## GIVEN ENTRIES
[Start of section]
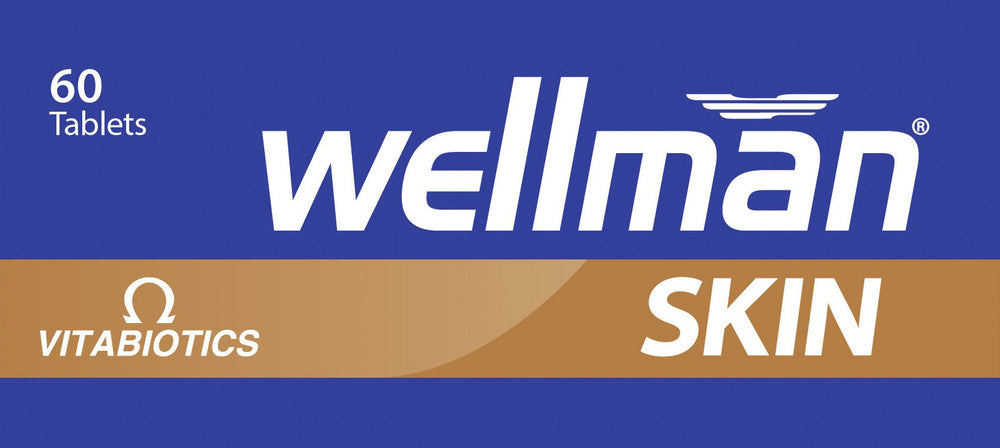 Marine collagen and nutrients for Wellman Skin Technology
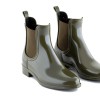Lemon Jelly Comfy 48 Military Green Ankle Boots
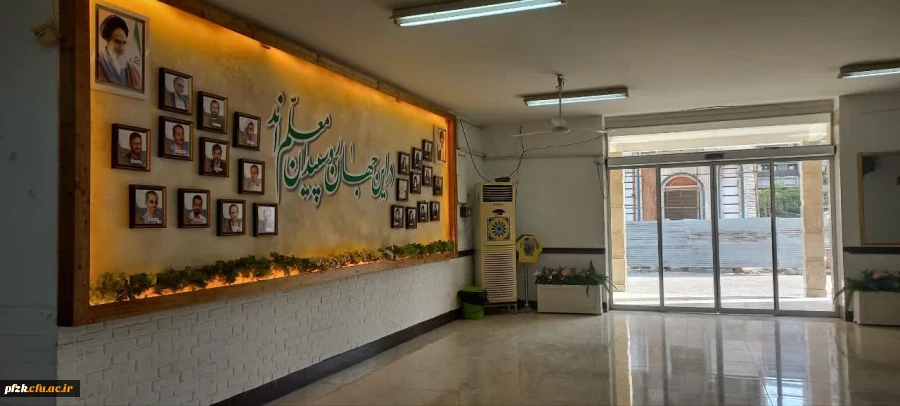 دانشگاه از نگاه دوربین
[End of section]
[Start of section]
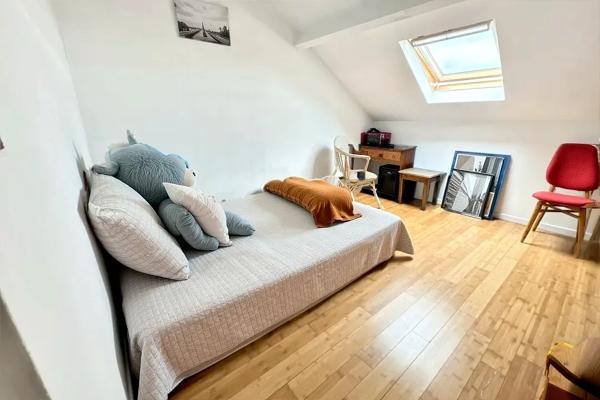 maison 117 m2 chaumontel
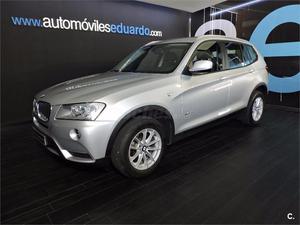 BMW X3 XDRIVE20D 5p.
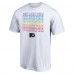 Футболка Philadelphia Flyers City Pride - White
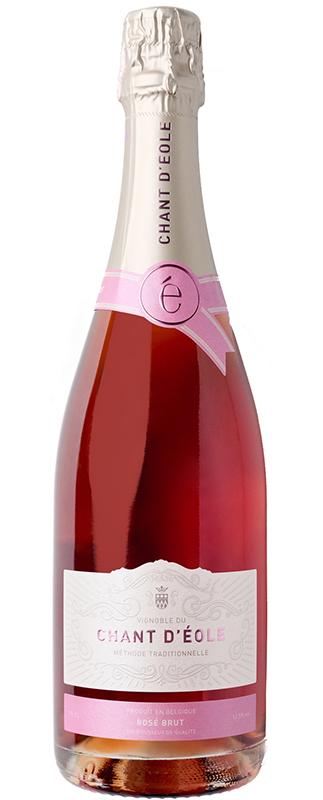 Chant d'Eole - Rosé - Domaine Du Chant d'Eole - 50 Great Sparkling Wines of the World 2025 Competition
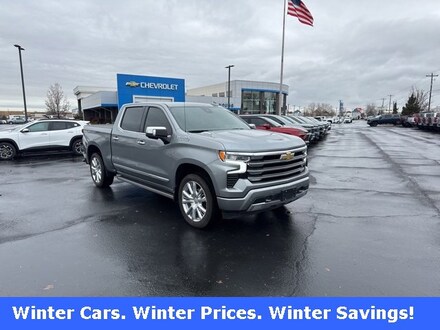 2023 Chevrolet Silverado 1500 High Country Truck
[End of section]
## TRY IT
Although pictures appear among the records above, write out exactly only the lines from the one that has "Chant d'Eole - Rosé" through the one that has "2023 Chevrolet Silverado", and leave the pictures out.

## SOLUTION FOR THIS PROBLEM
 Chant d'Eole - Rosé - Domaine Du Chant d'Eole - 50 Great Sparkling Wines of the World 2025 Competition
 2023 Chevrolet Silverado 1500 High Country Truck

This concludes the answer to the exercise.